The first day of spring is one thing, and the first spring day is another. The difference between them is sometimes as great as a month.
— Henry Van Dyke, American author and clergyman
The early mist had vanished, and the fields lay like a silver shield under the sun. It was one of the days when the glitter of winter shines through a pale haze of spring.
— Edith Wharton, American novelist and designer
A sap run is the sweet goodbye of winter.
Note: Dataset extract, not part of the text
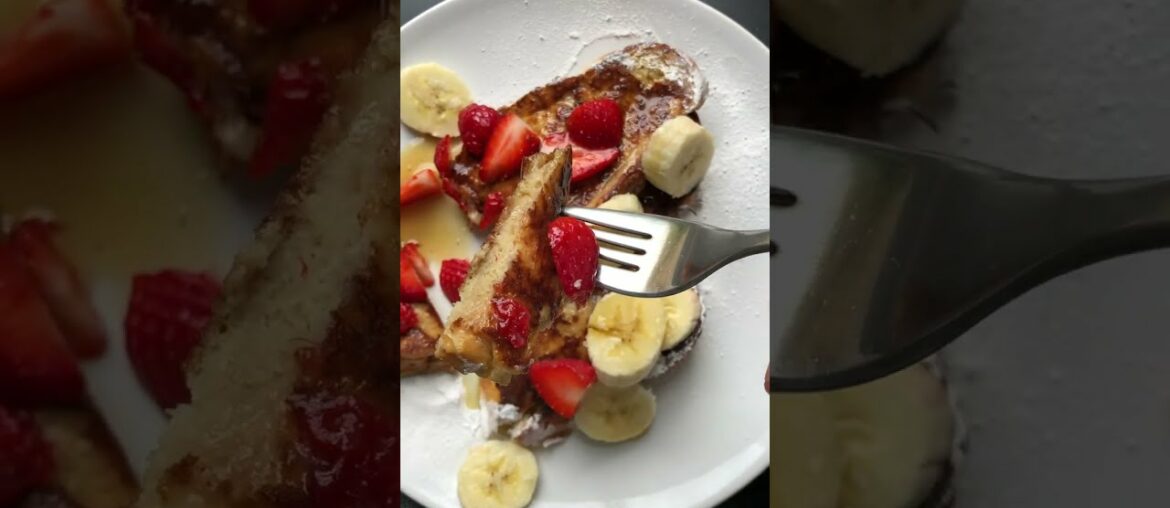 french toast shorts #shorts #shortsvideo #food french toast shorts #shorts #shortsvideo #food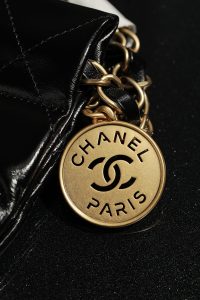 CHANEL 香奈儿22bag系列中号 图8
It is the fruit of the equal marriage of the sun and frost.
— John Burroughs, American naturalist and writer
The sun was warm, but the wind was chill.
You know how it is with an April day.
When the sun is out, and the wind is still,
You're one month on in the middle of May.
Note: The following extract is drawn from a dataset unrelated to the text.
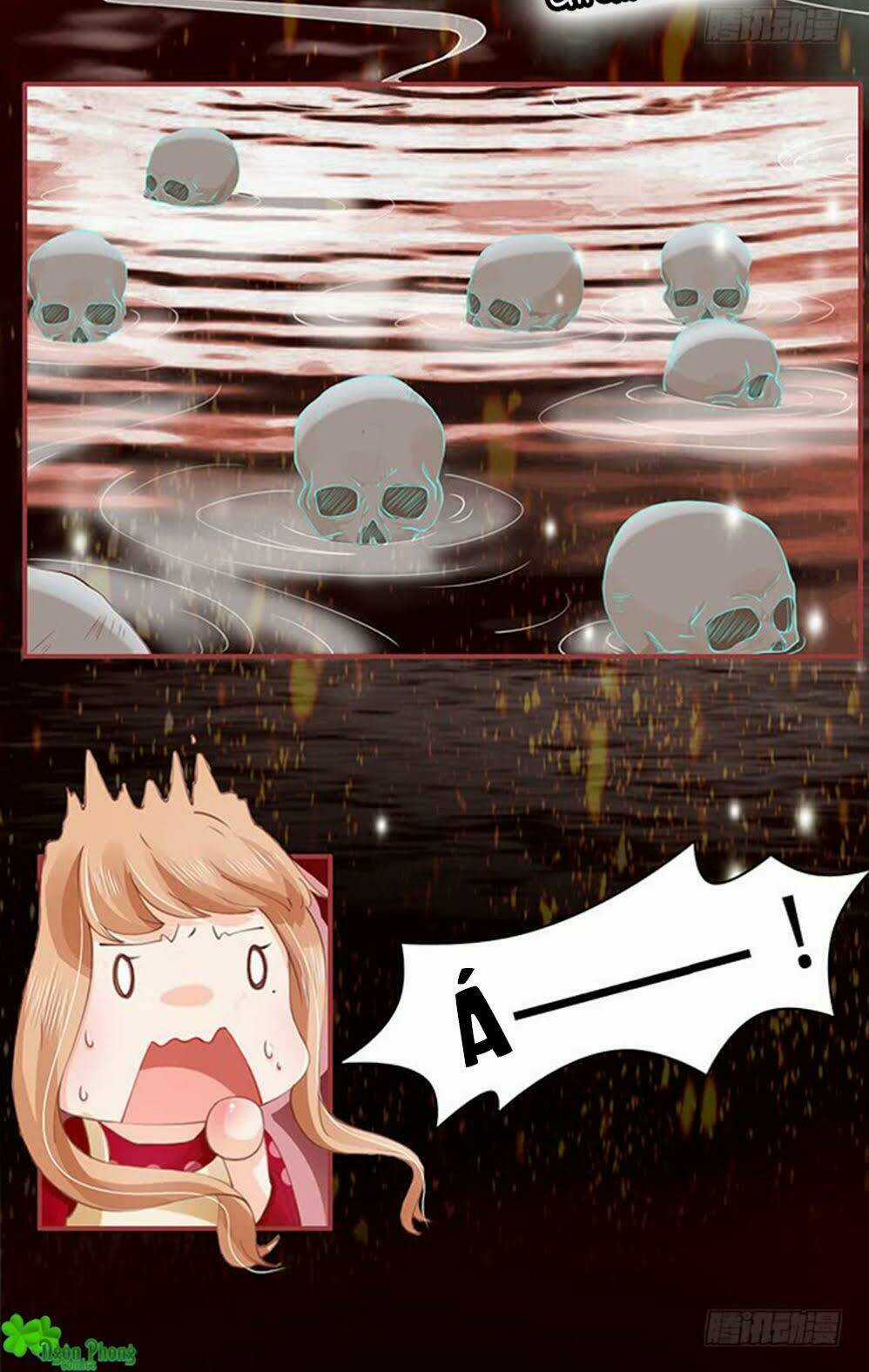 Tân Nương Của Âm Dương Giới Chapter 27 trang 14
But if you so much as dare to speak,
a cloud comes over the sunlit arch,
And wind comes off a frozen peak,
And you're two months back in the middle of March.
— Robert Frost, American poet, Two Tramps in Mud Time, 1926
In the spring I have counted one hundred and thirty-six different kinds of weather inside of four and twenty hours.
— Mark Twain, American writer and humorist
Poets and songwriters speak highly of spring as one of the great joys of life in the temperate zone, but in the real world, most of spring is disappointing. We looked forward to it too long, and the spring we had in mind in February was warmer and dryer than the actual spring when it finally arrives. We'd expected it to be a whole season, like winter, instead of a handful of separate moments and single afternoons.
— Barbara Holland, American author, Endangered Pleasures
I wonder if the sap is stirring yet,
If wintry birds are dreaming of a mate,
If frozen snowdrops feel as yet the sun
And crocus fires are kindling one by one:
Sing robin, sing:
I still am sore in doubt concerning spring.
— Christina Rossetti, English Poet
Grow That Garden Library
This book came out in March of this year, and the subtitle is: Projects and Ideas for Big and Small Spaces - Includes Vegetable Gardening, Pollinator Plants, Rain Gardens, and More!
The author Julie Bawden Davis said, "I recommend Gardening Your Front Yard to anyone looking to create an eye-catching and inviting front yard. The book promises to inspire nonstop ideas for making your front yard a living masterpiece."
The book is 208 pages of ideas and projects - all shared with today's gardener in mind. This is Tara's second book - she also wrote Raised Bed Revolution - and in her new book, we learn about transforming our front yards from wide-open lawns to endless possibilities. Tara's book takes you on a tour of options for repurposing and leveraging the potential of the land that lies between your home sweet home and the sidewalk or the street. Tara shares projects and troubleshooting advice - helping you navigate some challenges you may face as you transform your space. The upshot is that your front yard can go from producing a single crop - grass - to becoming a multi-crop vital and verdant living space that can greatly enhance your life.
Today's Botanic Spark
Today is National Pineapple Upside Down Cake Day. We celebrate it every year on the 20th of April.
This cake became popular in America until after 1903. The cakes were traditionally made in cast iron skillets.
Pineapple Upside Down Cake is a very satisfying dessert that you can enjoy with a cup of coffee. If you'd like to make one, line the bottom of a cake pan with pineapple rings and then place a cherry in the center of each ring followed by a butter and sugar mixture.
Finally, the cake batter is poured over the pineapples and baked.
The best part happens when the cake is done. That is when the pan is turned upside down onto a platter, revealing a masterpiece that is both amazing and delicious.
Don't forget, if you save the top slice with the foliage still attached, you can turn that top piece into a very attractive houseplant.